— Exercise directions —
Take the records below and set down exactly the lines from the one with "In control panel, go" to the one with "As you can see, constructing", ends included; do not copy the pictures.

— The data —
Start of Block

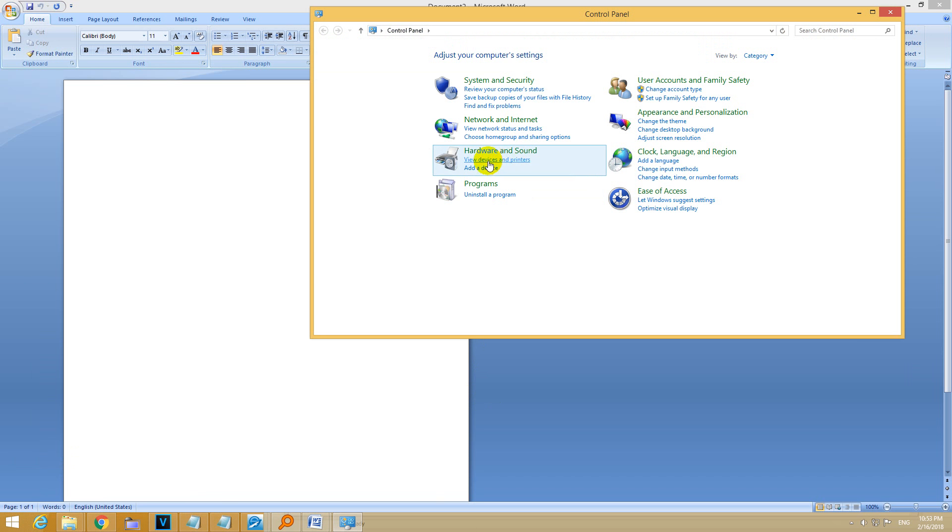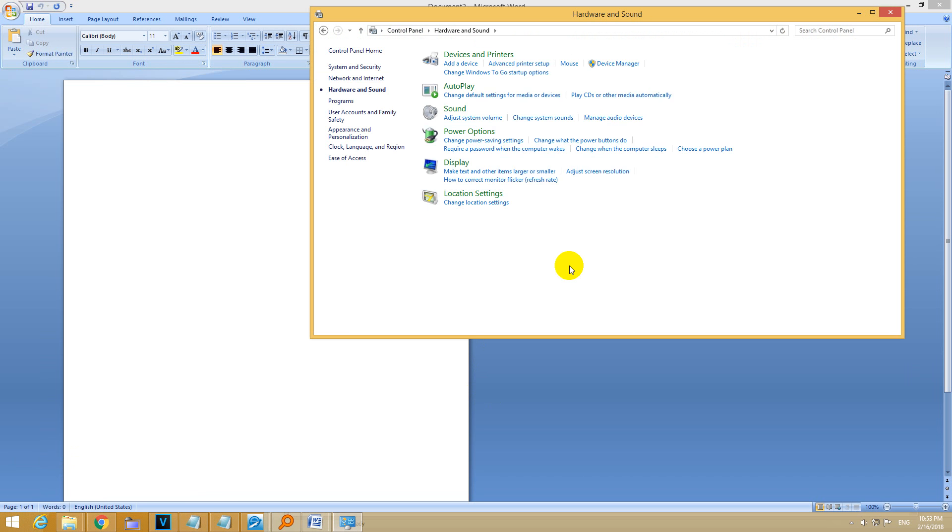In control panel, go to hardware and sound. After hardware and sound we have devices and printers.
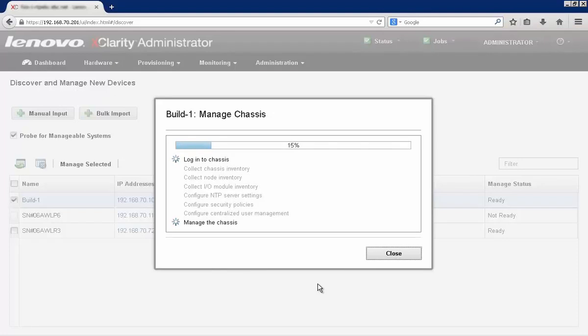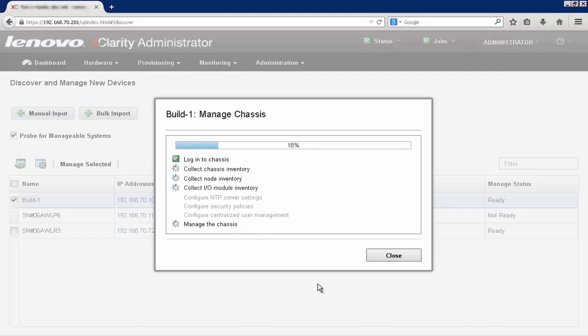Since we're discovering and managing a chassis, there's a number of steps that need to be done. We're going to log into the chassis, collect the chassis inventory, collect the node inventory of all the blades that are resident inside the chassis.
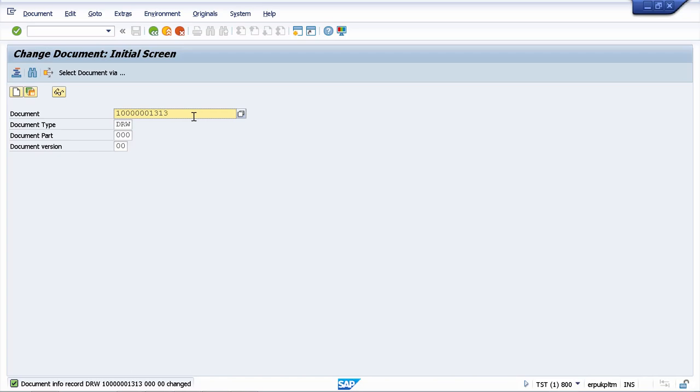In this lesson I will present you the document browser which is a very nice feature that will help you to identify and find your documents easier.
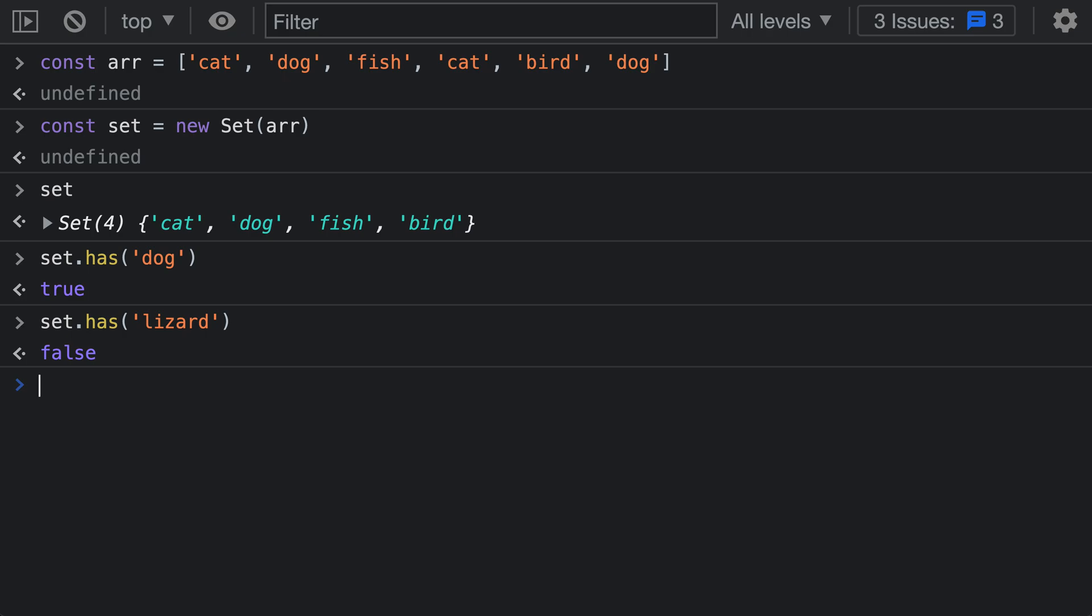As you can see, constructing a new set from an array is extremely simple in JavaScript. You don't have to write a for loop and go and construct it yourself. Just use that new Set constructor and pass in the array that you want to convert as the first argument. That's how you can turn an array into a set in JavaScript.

End of Block
Start of Block

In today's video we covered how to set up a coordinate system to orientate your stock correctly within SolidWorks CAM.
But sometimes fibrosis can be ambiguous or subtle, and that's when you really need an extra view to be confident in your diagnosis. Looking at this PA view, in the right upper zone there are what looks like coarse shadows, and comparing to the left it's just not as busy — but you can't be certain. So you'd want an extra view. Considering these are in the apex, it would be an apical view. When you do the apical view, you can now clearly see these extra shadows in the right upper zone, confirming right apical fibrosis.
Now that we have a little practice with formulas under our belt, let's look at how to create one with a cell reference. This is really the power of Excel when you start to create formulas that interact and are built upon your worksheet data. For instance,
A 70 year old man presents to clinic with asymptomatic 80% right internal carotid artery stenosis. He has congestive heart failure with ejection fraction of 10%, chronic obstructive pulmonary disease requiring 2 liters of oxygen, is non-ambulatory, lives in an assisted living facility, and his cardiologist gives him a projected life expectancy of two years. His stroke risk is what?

End of Block

— Response box —
In control panel, go to hardware and sound. After hardware and sound we have devices and printers.
Since we're discovering and managing a chassis, there's a number of steps that need to be done. We're going to log into the chassis, collect the chassis inventory, collect the node inventory of all the blades that are resident inside the chassis.
In this lesson I will present you the document browser which is a very nice feature that will help you to identify and find your documents easier.
As you can see, constructing a new set from an array is extremely simple in JavaScript. You don't have to write a for loop and go and construct it yourself. Just use that new Set constructor and pass in the array that you want to convert as the first argument. That's how you can turn an array into a set in JavaScript.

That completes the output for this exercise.